DATA LISTING
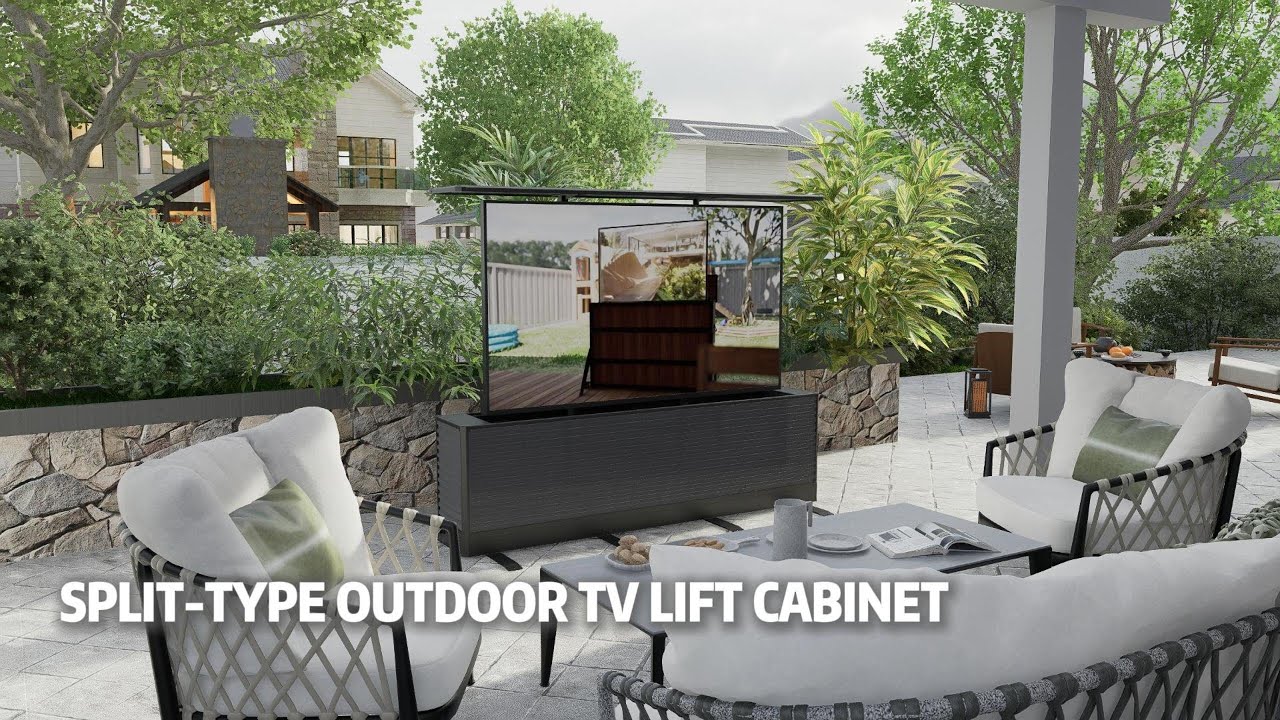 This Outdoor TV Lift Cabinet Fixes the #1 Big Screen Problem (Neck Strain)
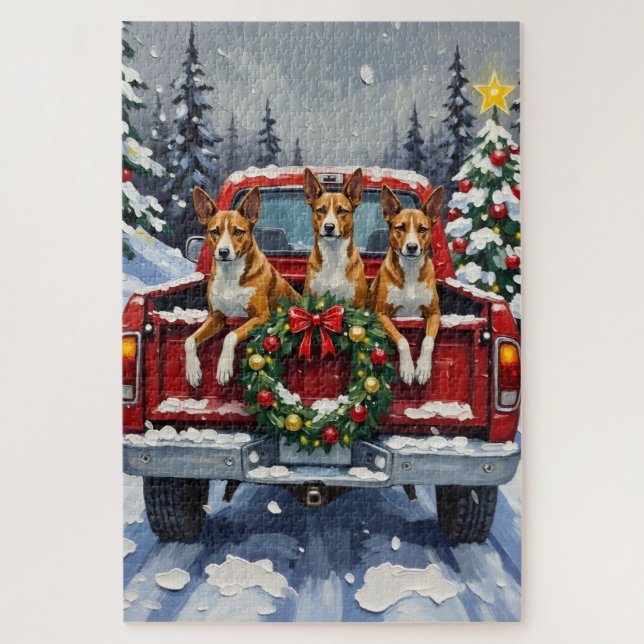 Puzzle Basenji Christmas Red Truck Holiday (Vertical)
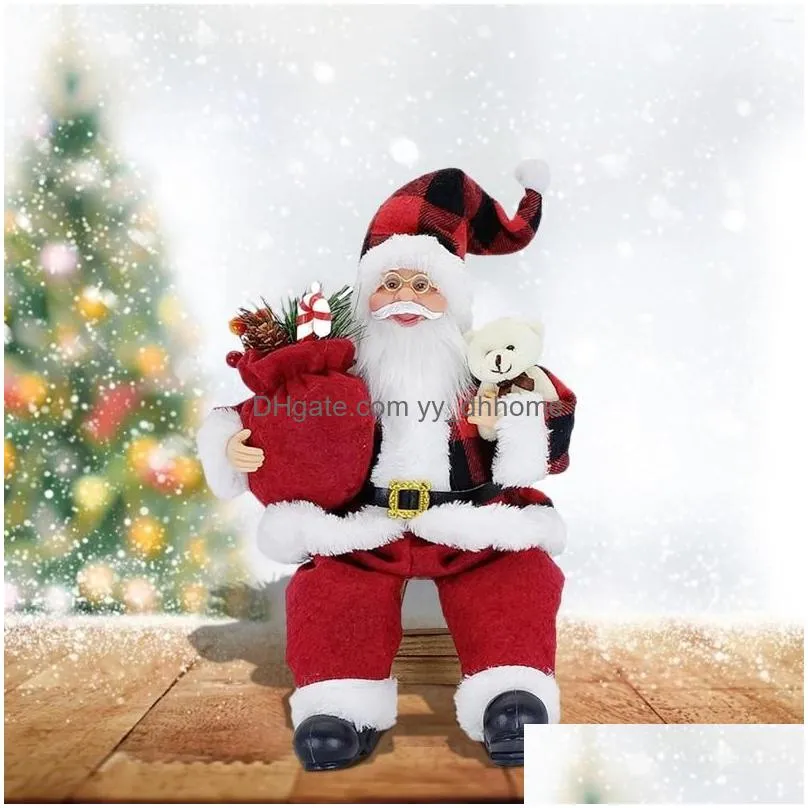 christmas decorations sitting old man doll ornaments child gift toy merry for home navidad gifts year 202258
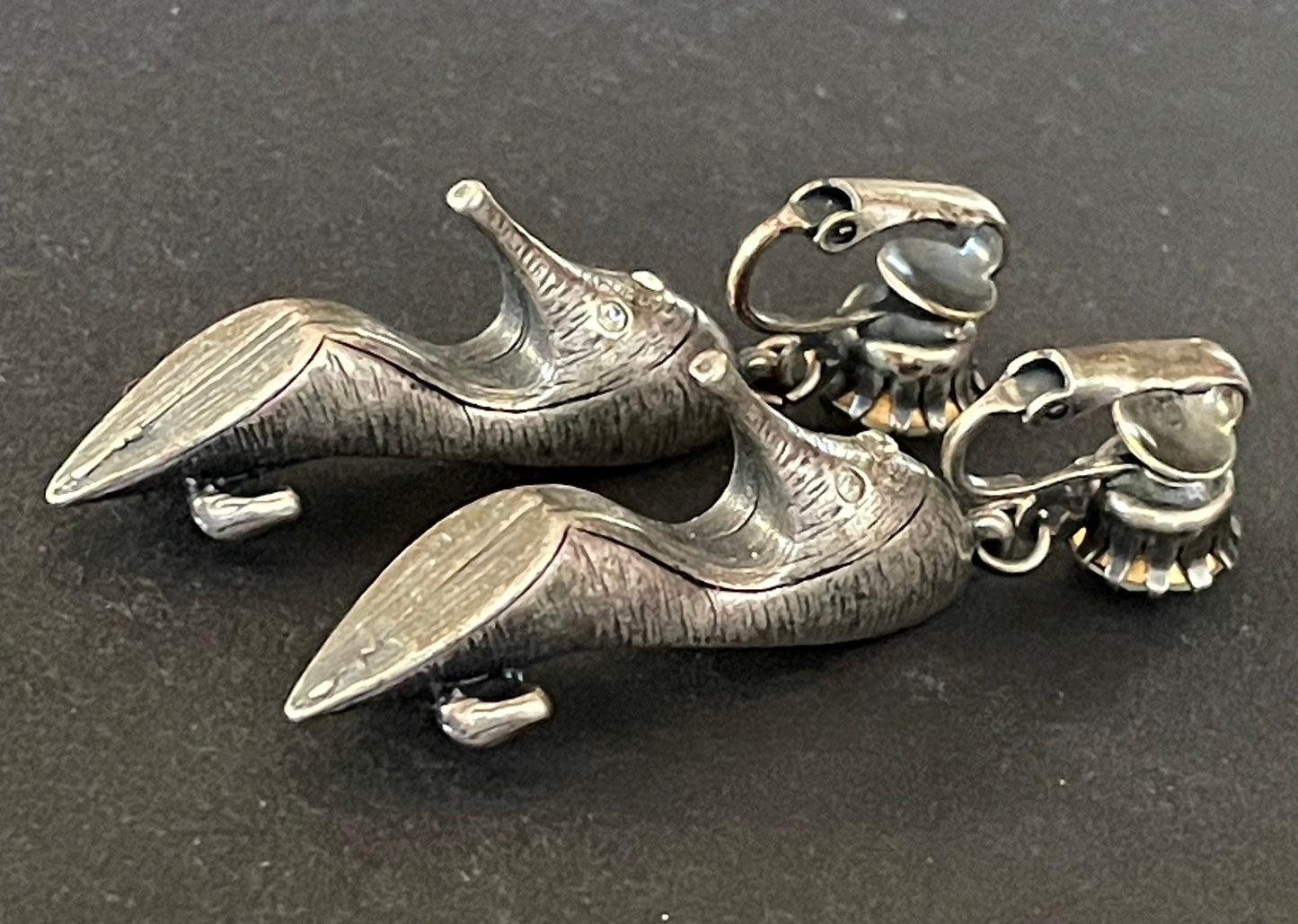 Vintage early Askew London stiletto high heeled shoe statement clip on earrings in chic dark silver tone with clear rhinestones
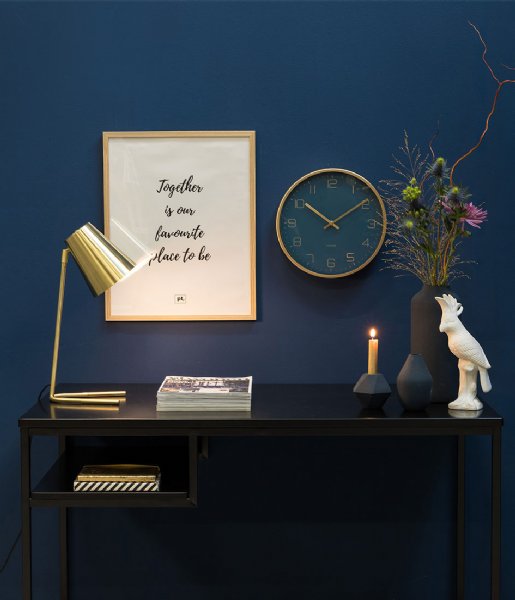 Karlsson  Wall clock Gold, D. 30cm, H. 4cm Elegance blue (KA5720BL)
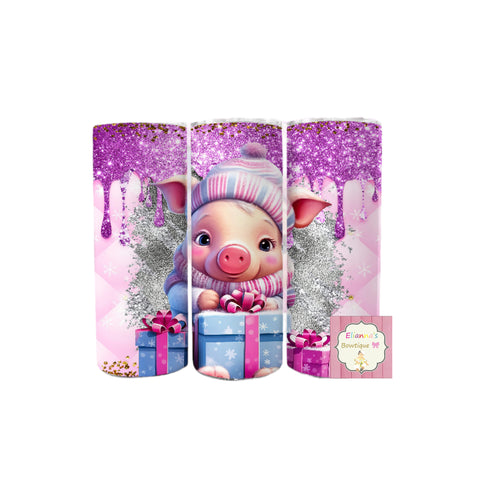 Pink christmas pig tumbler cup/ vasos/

--

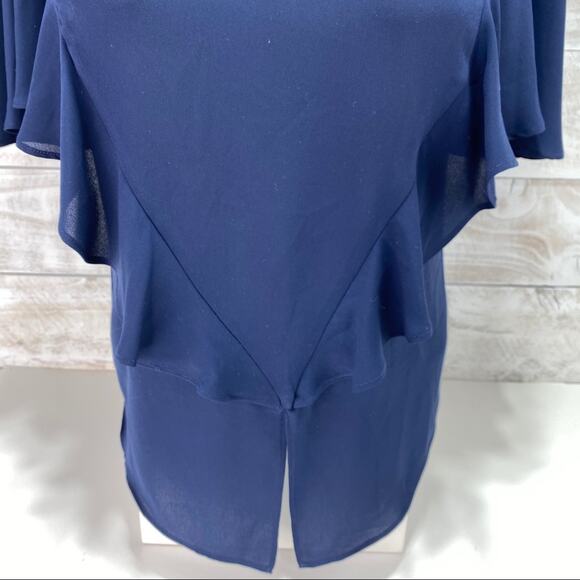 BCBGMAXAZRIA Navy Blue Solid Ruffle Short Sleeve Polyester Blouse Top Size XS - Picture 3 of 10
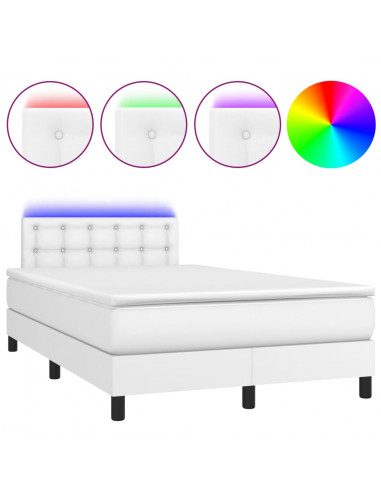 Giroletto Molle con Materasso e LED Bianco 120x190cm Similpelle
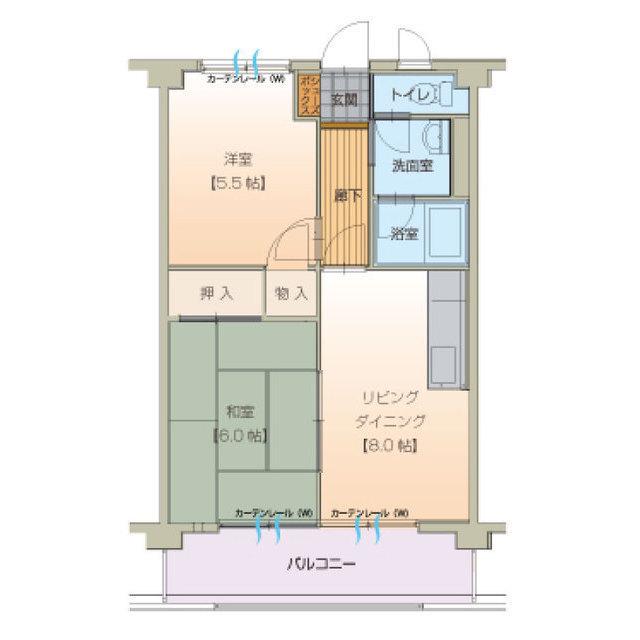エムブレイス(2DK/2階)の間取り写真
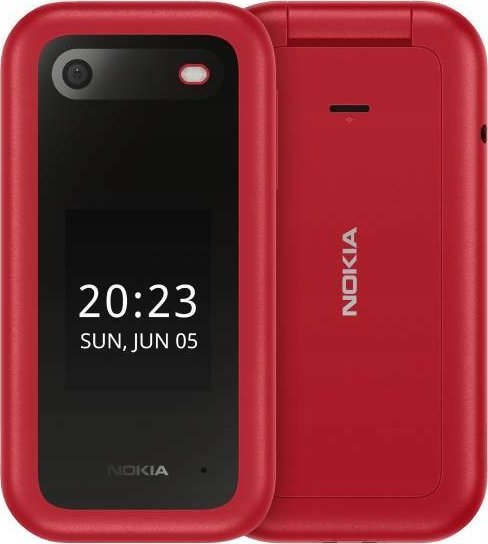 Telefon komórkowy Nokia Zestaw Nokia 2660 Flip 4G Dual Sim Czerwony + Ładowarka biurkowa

...

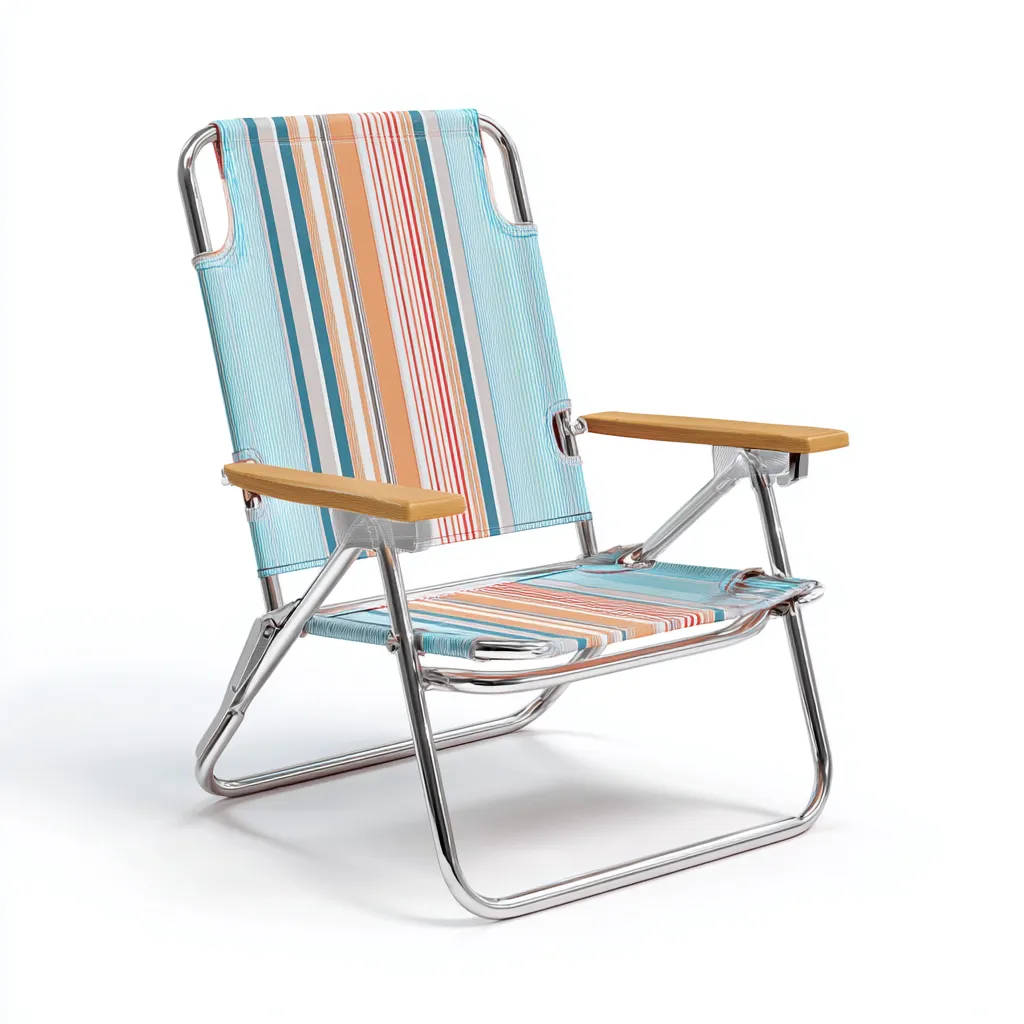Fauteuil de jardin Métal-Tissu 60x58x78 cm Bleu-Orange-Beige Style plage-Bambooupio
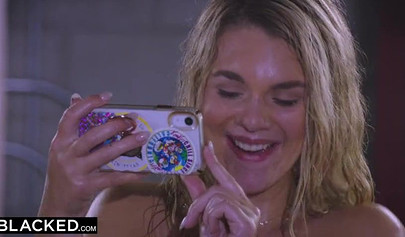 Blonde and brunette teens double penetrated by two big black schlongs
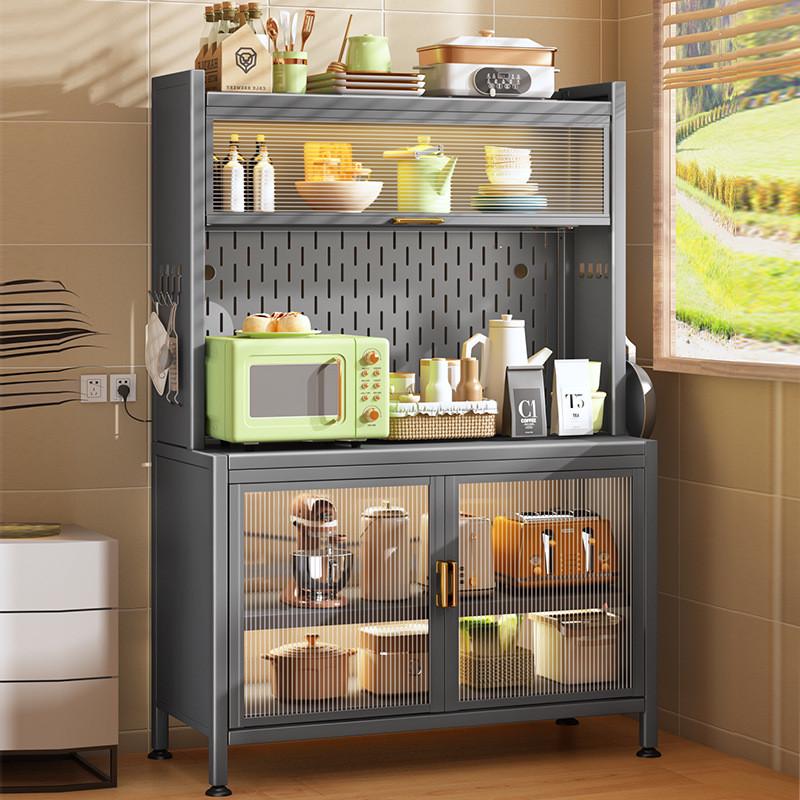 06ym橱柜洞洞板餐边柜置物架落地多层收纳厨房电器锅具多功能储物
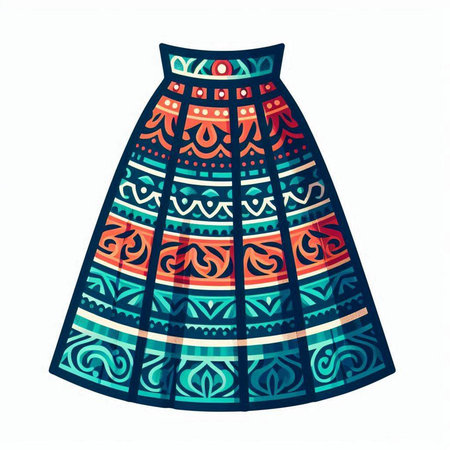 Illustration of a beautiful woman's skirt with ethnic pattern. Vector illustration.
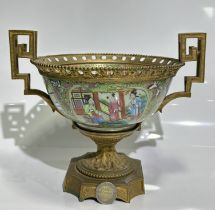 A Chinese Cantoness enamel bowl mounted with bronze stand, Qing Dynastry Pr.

PROBLEM TO SOLVE
Nothing except the lines from the one containing "Fauteuil de jardin" through the one containing "A Chinese Cantoness" should appear in the answer, exactly as above and without pictures.

SOLUTION TO THIS EXERCISE
Fauteuil de jardin Métal-Tissu 60x58x78 cm Bleu-Orange-Beige Style plage-Bambooupio
 Blonde and brunette teens double penetrated by two big black schlongs
 06ym橱柜洞洞板餐边柜置物架落地多层收纳厨房电器锅具多功能储物
 Illustration of a beautiful woman's skirt with ethnic pattern. Vector illustration.
 A Chinese Cantoness enamel bowl mounted with bronze stand, Qing Dynastry Pr.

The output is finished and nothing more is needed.